Problem
When you copy the material below, keep every line exact and leave each picture out.

*** Input data ***

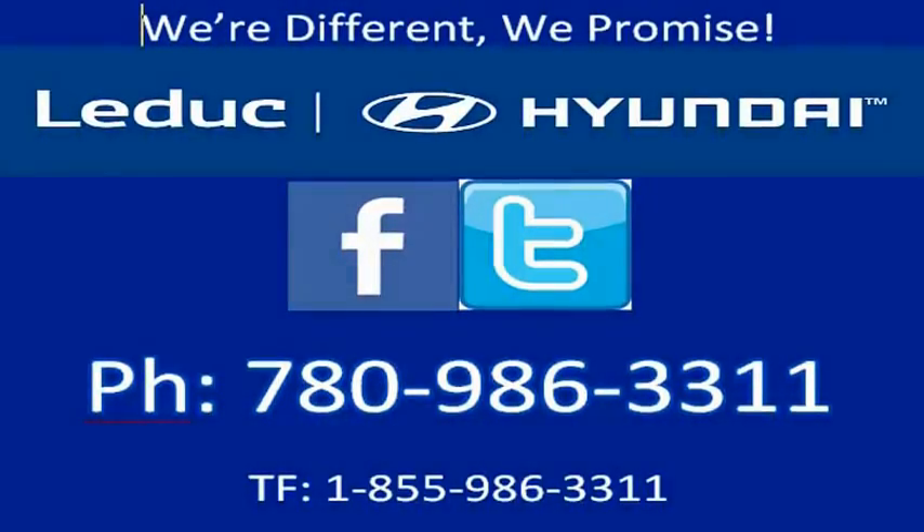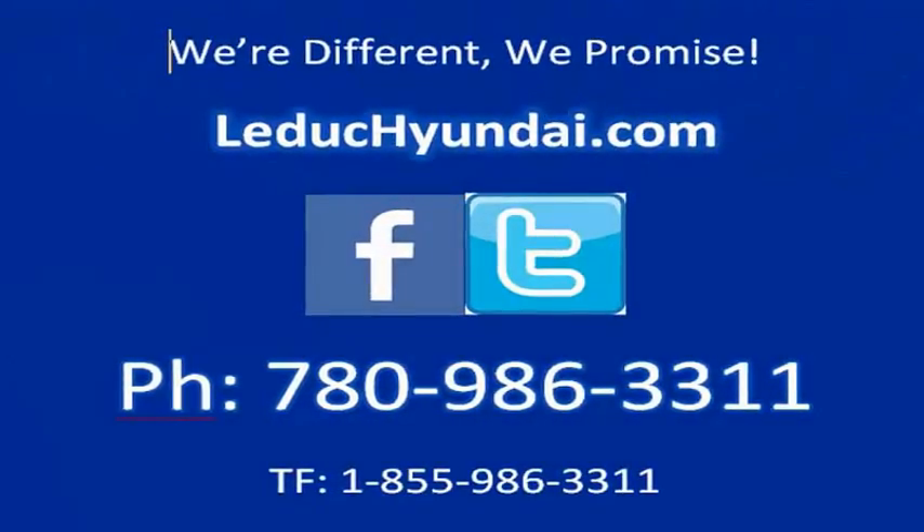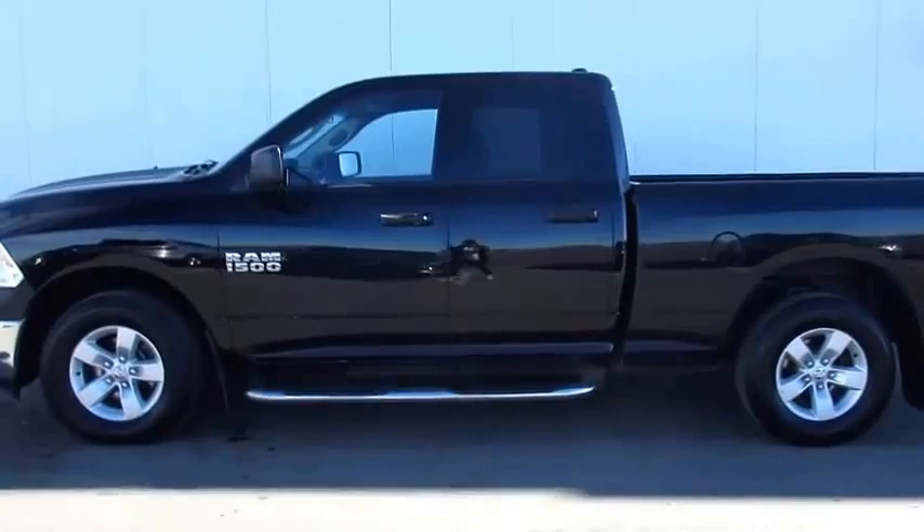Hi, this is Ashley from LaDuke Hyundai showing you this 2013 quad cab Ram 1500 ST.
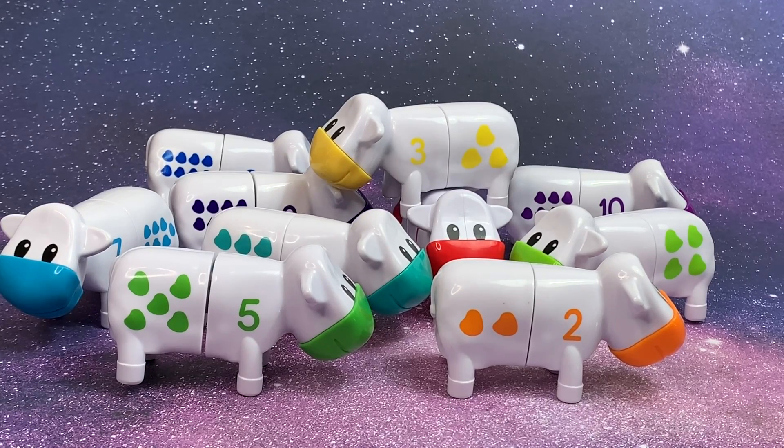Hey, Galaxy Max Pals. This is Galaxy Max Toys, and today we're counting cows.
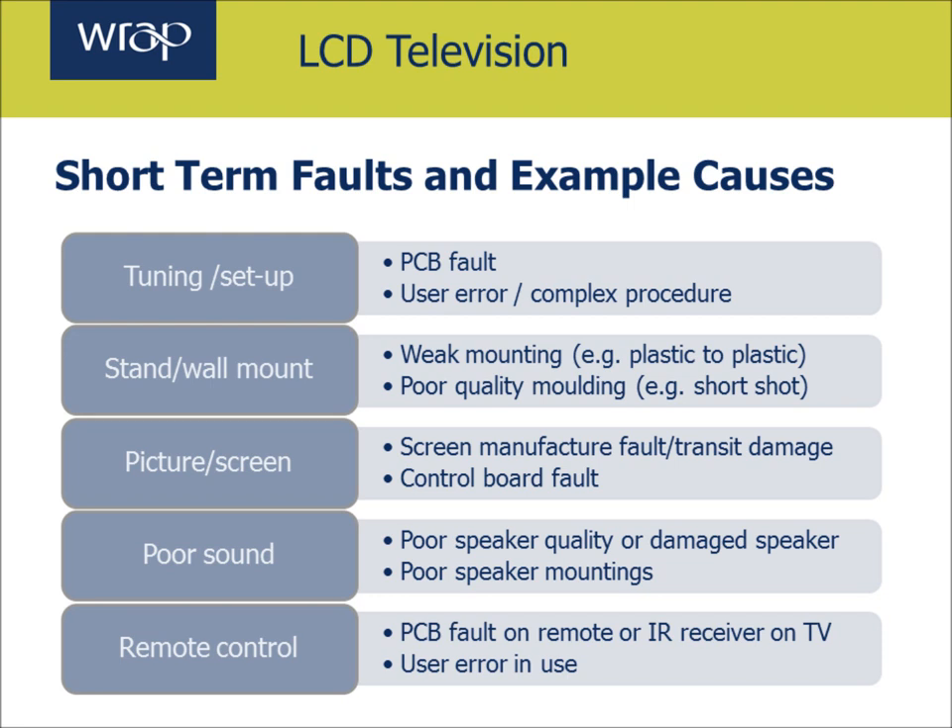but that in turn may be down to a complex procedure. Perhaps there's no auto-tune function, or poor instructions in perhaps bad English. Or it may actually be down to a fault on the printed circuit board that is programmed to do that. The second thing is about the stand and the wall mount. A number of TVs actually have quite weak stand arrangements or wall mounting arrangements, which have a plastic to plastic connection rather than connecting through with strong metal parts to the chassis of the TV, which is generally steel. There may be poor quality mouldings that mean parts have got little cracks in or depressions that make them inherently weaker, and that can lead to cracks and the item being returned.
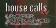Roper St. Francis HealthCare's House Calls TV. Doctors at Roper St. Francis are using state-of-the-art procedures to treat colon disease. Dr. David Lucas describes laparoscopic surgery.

***

Task response
Hi, this is Ashley from LaDuke Hyundai showing you this 2013 quad cab Ram 1500 ST.
Hey, Galaxy Max Pals. This is Galaxy Max Toys, and today we're counting cows.
but that in turn may be down to a complex procedure. Perhaps there's no auto-tune function, or poor instructions in perhaps bad English. Or it may actually be down to a fault on the printed circuit board that is programmed to do that. The second thing is about the stand and the wall mount. A number of TVs actually have quite weak stand arrangements or wall mounting arrangements, which have a plastic to plastic connection rather than connecting through with strong metal parts to the chassis of the TV, which is generally steel. There may be poor quality mouldings that mean parts have got little cracks in or depressions that make them inherently weaker, and that can lead to cracks and the item being returned.
Roper St. Francis HealthCare's House Calls TV. Doctors at Roper St. Francis are using state-of-the-art procedures to treat colon disease. Dr. David Lucas describes laparoscopic surgery.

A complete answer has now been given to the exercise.